Arriving early I partook of a beer at the Apothecary, an event room in Holly Springs’ town square where guests can linger before the actual tour. To be honest, I grew concerned about what my experience of the night would entail as a group of childrens ran wild while their parents did little to nothing to calm the little monsters. As my beautiful, incredible, brilliant wife can attest, every time I go to a place I have never been before I automatically look for the available ghost tours, so this was not my first rodeo more like my 173rd rodeo. That being said I have never had children on a ghost tour, much less hyper kids who run around like maniacs. But something incredible happened once the tour actually started as Phillip Knecht, the operator and tour guide of Haunted Holly Springs, took control. With the perfect combination of knowledge and humor he commanded the attention of the entire tour group from the start. He was able to grab the attention of the laypeople as much as he did a seasoned paranormal investigator like myself. He guided us to the first stop of the night, the bluffs which overlooked where the original Springs of Holly Springs once flowed. With the supernatural origins of the town explained, we learned how during the nights the cries of small children could be heard. In fact on a recent tour, the owners of a nearby house attested that their skepticism of the paranormal came to an end when they began to hear a child crying from their upstairs bedroom while the number of actual children in their house amounted to a whopping ZERO. Bringing a nice bit of fear factor to the night, the next stop was on a street lined with historic homes where the ghost of a carnival clown has been seen numerous times over the decades. Adding greater impact to this site was the fact that Phillip proudly displayed the photo of a full-bodied apparition in full-fledged clown regalia that he had captured in the yard of a nearby home.
After a top at the local museum which is haunted by a soldier from the Civil War who was killed by a protective father, the tour was led to the Yellow Fever Martyrs Museum. Once a church ran by a priest and nun who remained throughout the epidemic which hit this region of the country while so many others fled. Being someone who always carries a K2 meter with me when I know there is the potential to go to a haunted location I took notice that the device registered a few hits as Phillip began discussing the history and hauntings in this museum.
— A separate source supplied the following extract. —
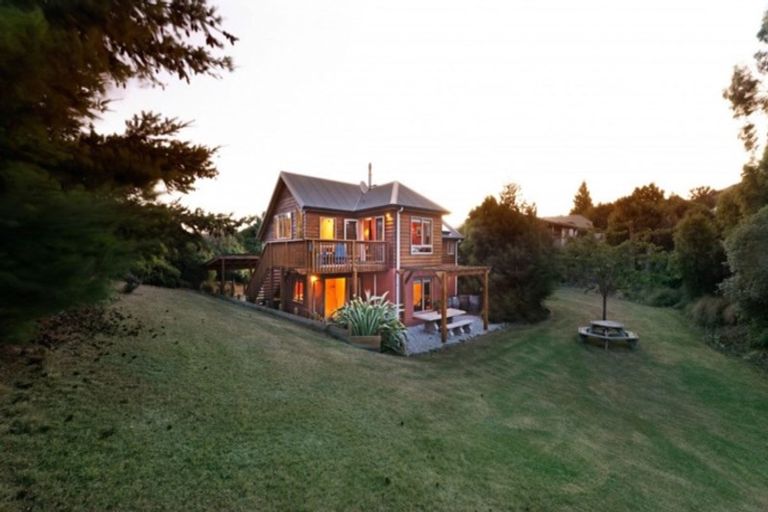 Photo of property in 1/8 Drake Place, Lake Hawea, Wanaka, 9382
There was something in this museum which lingered long after the plague had passed, Phillip explained how even the producer of a paranormal reality show which filmed at this location even felt a supernatural presence here. The next stop on the tour was possibly the biggest highlight of the night, a place usually visited by the college-aged youths and punk rock community of Memphis on late-night road trips, Graceland Too. Originally a 19th century mansion, it was purchased by eccentric Elvis-mega fan Paul Macleod in the 1970’s. He ran this private residence as a 24/7 tourist attraction for decades until he was found dead on the front porch in 2014. Not only did Macleod shuffle off this mortal coil at this strange spot, but so did his own mother as well as a potential violent thief he took care of. At this spot our tour guide Phillip played a couple of the EVPs which have been recorded here. From what can be gathered from these audio recordings from the other side, Paul Macleod’s mother still lingers in this home, but more than that the spirits here pay attention to the living who visit as one of them knew his name.
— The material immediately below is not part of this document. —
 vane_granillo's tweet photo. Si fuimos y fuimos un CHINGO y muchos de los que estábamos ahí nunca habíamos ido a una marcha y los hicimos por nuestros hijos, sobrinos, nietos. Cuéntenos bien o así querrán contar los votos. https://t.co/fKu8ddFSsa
Following this we made the hike to the entire other end of the street to a historic home built in the 1830’s called Featherston Place. Now a classy wedding venue overlooking a park, Featherston Place is filled with paranormal activity thanks to years of tragedy. The most famous ghost is that of a woman who was horrid and vain in life and seems not to have changed in death. In addition to this a number of her descendants were claimed during the Yellow Fever and their souls seemingly refuse to leave. The tour came to an end at the local courthouse. It was here that a former sheriff supposedly committed suicide on the third floor….with his throat slit ear-to-ear…..while his hands were handuffed….to the floor….so maybe there were some odd circumstances surrounding this event. Not only does the former sheriff still haunt the third floor, but being a lawyer by trade Phillip has had his own encounters with this spirit none of which were pleasant.
It goes without saying that the Haunted Holly Springs tour Hill Country Hauntings was more than worth the hour drive. Holly Springs, Mississippi is one of those towns where the past refuses to fade and the spirits of the past still linger and make themselves known. Fearlessly leading us through this journey into the supernatural, Phillip proved to be the perfect tour guide for the night. In addition to this, he also offers other tours based around the darker side of Holly Springs’ history. For myself, taking the roadtrip to this charming and spooky Mississippi town may become an annual trip for me as someone who is always game for an encounter with those from the other side.